We flew into Paris Beauvais, two hours late thanks to delays thanks to all the snow and freezing temperatures in Sofia – they actually had to spray the outside of our plane with an antifreeze style reagent. Something we’d never seen before!
Arriving at Beauvais we started searching for the hire car rental desk we’d booked ahead with. Since we were already two hours late and still had five hours of driving ahead of us, we were half afraid that the hire desk would be hidden out in the middle of a giant carpark like one would find at Seattle Airport parking and it would take us another two hours to find.
Thankfully Beauvais is a small airport so we found it quickly and were in our snow/ice covered car within 20 minutes of landing waiting waiting waiting for the heating to start working.
France was warmer than Bulgaria but it was still freezing.
Twenty minutes into the drive we realised that there was a good reason el-cheapo navigation app we’d bought was so much cheaper than all the others. After three wrong turns on freeways and ALOT of ‘debate’ about the quality of my navigation skills, including much swearing at the iPhone app and many helpful tips on how I could approve said skills that perhaps were not taken as well as they should have been we gave up and booked into a hotel.

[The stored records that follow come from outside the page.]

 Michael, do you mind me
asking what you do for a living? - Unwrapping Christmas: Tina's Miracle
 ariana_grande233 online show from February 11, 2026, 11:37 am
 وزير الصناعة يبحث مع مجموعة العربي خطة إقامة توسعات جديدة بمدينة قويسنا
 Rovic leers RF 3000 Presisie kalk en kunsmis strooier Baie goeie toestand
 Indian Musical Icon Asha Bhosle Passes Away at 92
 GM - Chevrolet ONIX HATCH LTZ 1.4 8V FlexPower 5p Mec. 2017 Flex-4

Germany would have to wait for tomorrow.
The next day, on the 450km drive to Germany we saw snow, some more snow (admittedly only a few centimeters on the ground rather than the meter upon meter we’ve seen in Bulgaria) and almost every body of water was frozen. Even most of the viaduc’s of France. Lakes, rivers, swamps. They weren’t just frozen. They were thick enough to skate on.

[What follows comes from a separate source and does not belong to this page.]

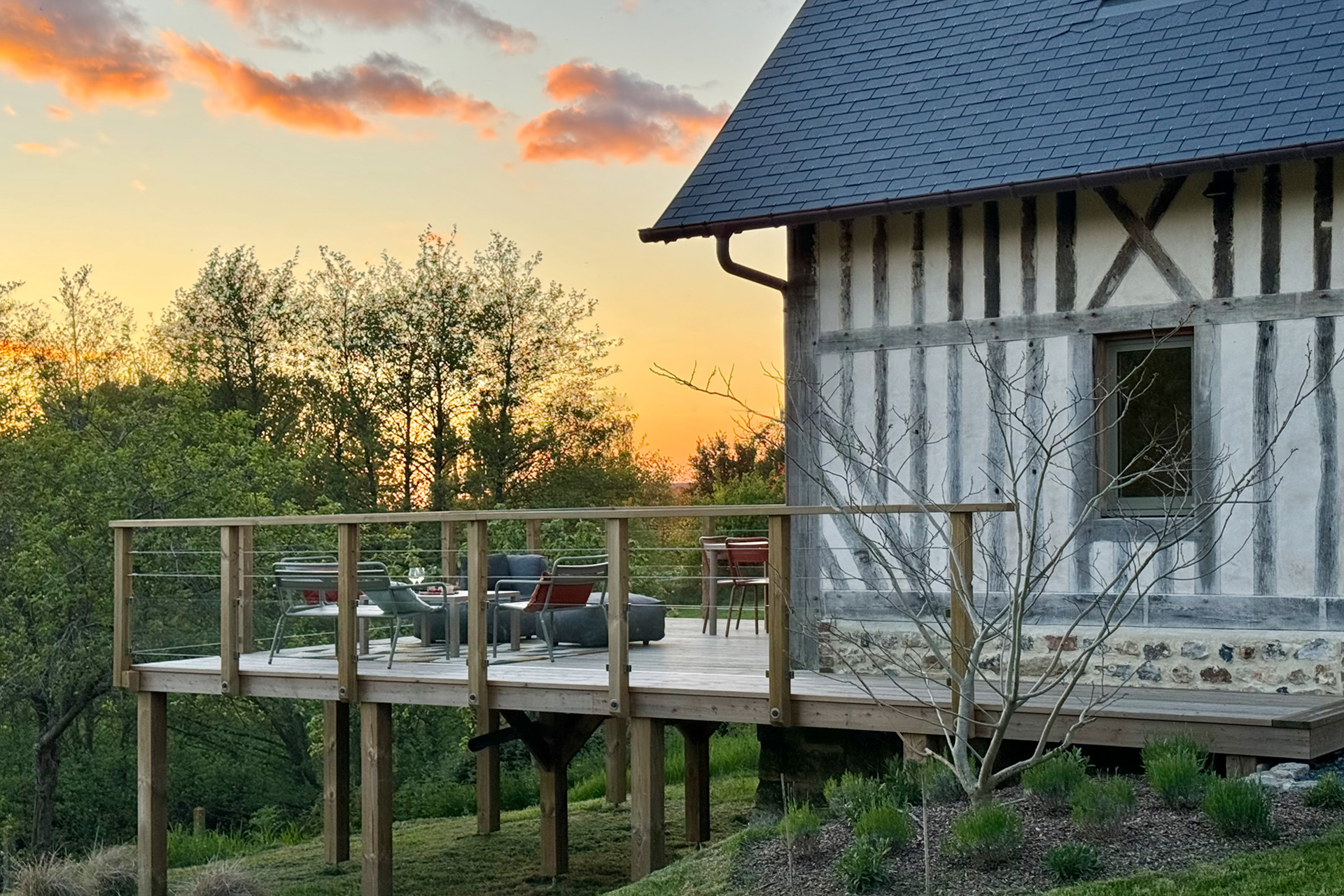 le-clos-du-haut_farmhouse_normandy-france_exterior-terrace.jpg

Once we reached Saarbrucken it felt even colder. Even going outside for five minutes wasn’t pleasant. But it was worth the trip to see friends that we hadn’t seen in over ten years and meet their children. We were meant to leave after a few days to visit other friends but had such a good time in Saarbrucken catching up we never made it any further into Germany.

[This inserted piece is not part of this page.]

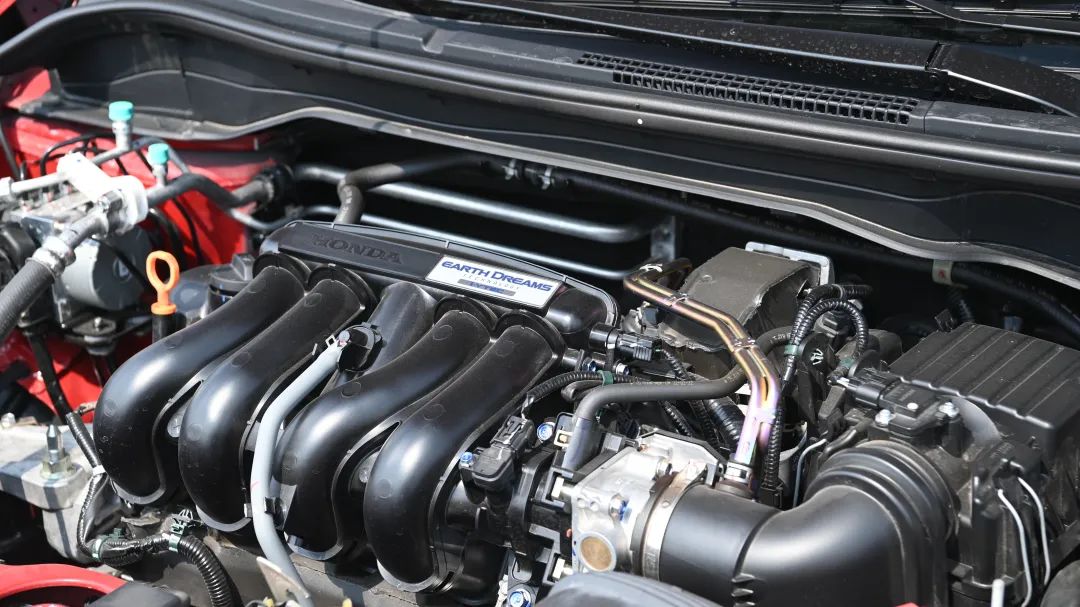 四代飞度大尾翼,新款飞度尾翼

We’re making the most of the cold … just for short periods of time!
Yesterday we ticked off another winter experience that you just can’t have in Australia … playing on a frozen lake. We thought it would just be a quick stop on the way to the zoo … but ended up there for several hours. Apart from the actual catching up with friends, this afternoon on the lake is our favourite memory from our week in western Europe.
The Photo Friday picture at the top is Hayley being spun around and around on the ice pretty much sums up the outing – several hours of giggling, spinning, sliding, exploring and a lot more laughter than tears from heads/knees/bottoms hitting the ice.